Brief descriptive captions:
- - - - -

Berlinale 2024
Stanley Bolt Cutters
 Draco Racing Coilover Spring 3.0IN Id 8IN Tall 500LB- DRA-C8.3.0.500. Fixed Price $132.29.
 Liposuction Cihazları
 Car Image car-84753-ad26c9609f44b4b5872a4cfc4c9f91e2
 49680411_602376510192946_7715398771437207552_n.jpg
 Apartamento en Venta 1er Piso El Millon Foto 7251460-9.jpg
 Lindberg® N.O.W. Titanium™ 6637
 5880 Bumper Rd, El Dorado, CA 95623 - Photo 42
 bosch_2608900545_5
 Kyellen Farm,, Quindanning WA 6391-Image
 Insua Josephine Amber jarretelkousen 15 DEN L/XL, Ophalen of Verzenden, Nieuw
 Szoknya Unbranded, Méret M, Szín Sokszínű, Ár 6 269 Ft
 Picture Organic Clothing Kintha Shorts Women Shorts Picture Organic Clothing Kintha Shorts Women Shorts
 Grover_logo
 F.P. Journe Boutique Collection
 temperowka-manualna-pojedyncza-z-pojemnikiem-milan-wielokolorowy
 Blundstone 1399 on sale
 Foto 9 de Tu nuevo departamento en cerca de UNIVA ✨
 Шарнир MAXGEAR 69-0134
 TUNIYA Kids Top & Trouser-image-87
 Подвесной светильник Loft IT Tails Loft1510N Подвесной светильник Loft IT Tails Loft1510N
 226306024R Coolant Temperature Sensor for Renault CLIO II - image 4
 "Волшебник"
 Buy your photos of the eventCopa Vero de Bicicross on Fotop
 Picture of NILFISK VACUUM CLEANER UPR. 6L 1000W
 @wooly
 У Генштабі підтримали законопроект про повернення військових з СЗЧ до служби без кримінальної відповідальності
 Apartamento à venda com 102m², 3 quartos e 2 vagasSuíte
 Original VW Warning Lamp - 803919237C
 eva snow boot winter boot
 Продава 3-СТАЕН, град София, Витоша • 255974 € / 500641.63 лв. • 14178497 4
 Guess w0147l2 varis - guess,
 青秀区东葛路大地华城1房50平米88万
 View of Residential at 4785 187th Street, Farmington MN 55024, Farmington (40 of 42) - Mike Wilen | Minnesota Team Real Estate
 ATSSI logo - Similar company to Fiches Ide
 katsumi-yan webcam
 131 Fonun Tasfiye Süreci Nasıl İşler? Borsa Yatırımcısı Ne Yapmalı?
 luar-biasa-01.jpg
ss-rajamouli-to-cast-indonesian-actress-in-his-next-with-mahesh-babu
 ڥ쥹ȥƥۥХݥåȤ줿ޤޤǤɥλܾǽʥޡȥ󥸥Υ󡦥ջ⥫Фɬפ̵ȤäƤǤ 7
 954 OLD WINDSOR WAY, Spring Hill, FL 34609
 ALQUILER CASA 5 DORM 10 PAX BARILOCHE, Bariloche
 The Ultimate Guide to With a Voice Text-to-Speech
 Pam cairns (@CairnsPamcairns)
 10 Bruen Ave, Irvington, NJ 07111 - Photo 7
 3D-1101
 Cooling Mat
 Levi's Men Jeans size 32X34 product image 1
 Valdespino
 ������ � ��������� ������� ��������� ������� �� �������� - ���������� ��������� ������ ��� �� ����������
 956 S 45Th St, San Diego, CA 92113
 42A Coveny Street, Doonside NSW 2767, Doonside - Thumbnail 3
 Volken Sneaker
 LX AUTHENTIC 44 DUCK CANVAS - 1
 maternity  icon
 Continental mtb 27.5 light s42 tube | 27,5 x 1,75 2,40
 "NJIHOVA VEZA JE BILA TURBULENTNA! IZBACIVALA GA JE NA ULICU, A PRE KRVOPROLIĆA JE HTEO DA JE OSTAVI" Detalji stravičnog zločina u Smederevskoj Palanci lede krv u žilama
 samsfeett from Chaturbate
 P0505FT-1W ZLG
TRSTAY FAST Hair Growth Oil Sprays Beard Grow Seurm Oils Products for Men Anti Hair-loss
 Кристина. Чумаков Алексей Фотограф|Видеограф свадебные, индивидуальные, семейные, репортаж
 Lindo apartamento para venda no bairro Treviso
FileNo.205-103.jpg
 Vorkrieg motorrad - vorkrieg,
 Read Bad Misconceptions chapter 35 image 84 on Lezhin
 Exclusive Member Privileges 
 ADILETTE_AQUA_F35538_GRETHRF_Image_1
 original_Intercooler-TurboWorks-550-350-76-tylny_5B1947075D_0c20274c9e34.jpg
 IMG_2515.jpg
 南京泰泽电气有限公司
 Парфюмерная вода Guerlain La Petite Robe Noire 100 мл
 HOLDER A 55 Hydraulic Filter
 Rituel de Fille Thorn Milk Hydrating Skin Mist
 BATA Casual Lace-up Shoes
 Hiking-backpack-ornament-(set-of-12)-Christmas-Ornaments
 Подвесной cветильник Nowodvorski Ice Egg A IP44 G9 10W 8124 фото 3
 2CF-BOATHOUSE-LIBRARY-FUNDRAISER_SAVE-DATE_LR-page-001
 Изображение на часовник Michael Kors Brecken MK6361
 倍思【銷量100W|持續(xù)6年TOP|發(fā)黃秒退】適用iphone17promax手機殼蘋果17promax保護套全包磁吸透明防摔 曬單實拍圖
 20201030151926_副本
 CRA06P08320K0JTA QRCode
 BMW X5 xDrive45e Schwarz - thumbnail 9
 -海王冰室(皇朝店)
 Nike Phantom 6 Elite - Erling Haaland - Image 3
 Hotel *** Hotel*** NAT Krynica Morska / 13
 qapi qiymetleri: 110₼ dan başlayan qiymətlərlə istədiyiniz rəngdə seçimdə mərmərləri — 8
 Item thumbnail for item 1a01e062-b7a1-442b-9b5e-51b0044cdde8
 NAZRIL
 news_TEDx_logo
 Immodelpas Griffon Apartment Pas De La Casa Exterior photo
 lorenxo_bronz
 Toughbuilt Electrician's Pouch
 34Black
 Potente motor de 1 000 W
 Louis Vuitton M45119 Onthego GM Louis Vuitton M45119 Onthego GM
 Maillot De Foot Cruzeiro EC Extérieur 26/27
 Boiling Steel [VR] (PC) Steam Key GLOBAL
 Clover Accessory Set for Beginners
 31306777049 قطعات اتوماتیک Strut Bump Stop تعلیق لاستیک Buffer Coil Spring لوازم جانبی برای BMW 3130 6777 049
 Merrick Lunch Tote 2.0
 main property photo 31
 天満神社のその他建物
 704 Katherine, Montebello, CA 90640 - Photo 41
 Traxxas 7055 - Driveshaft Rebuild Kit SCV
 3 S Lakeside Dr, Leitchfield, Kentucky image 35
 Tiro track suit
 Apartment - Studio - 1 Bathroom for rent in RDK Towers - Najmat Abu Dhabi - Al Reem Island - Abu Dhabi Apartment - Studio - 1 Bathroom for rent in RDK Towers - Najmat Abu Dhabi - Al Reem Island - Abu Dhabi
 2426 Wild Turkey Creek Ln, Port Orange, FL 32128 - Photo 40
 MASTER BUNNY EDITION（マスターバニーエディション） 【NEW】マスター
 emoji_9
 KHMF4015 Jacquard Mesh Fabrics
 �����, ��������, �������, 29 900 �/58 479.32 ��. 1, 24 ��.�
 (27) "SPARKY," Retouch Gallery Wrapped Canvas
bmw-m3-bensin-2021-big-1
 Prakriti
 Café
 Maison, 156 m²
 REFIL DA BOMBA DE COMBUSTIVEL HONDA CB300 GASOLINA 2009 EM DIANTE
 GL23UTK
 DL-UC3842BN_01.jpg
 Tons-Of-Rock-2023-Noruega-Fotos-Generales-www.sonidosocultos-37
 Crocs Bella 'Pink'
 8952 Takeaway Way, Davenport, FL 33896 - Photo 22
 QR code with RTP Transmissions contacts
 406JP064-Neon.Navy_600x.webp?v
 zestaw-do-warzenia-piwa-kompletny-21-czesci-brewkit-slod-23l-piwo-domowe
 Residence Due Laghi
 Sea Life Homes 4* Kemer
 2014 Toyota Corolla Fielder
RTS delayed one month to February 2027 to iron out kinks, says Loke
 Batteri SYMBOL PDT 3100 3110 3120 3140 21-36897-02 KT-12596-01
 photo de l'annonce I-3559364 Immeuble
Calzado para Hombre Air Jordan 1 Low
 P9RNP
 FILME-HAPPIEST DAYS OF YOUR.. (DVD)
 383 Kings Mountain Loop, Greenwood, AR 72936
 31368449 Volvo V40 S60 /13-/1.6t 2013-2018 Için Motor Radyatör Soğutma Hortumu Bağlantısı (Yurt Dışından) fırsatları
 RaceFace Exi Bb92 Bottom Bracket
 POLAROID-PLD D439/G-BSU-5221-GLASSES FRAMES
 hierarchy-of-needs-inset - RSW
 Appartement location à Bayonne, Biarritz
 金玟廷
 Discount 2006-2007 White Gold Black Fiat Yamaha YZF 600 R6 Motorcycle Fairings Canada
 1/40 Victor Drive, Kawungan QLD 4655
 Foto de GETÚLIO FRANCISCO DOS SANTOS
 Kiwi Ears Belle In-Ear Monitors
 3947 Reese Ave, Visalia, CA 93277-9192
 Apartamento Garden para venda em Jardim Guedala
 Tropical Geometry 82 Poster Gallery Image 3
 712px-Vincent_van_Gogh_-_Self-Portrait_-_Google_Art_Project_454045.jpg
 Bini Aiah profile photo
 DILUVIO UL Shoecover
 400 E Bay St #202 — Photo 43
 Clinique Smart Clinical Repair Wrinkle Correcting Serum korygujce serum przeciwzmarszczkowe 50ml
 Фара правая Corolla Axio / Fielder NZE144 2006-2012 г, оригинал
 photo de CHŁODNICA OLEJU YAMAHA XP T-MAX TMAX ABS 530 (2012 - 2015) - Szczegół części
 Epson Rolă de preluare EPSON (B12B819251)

- - - - -

- **Your objective**
Retype the first line of the entries and every line after it, please, through the line that contains "Lindberg® N.O.W. Titanium™ 6637". Add nothing.

- **Written answer**
Berlinale 2024
Stanley Bolt Cutters
 Draco Racing Coilover Spring 3.0IN Id 8IN Tall 500LB- DRA-C8.3.0.500. Fixed Price $132.29.
 Liposuction Cihazları
 Car Image car-84753-ad26c9609f44b4b5872a4cfc4c9f91e2
 49680411_602376510192946_7715398771437207552_n.jpg
 Apartamento en Venta 1er Piso El Millon Foto 7251460-9.jpg
 Lindberg® N.O.W. Titanium™ 6637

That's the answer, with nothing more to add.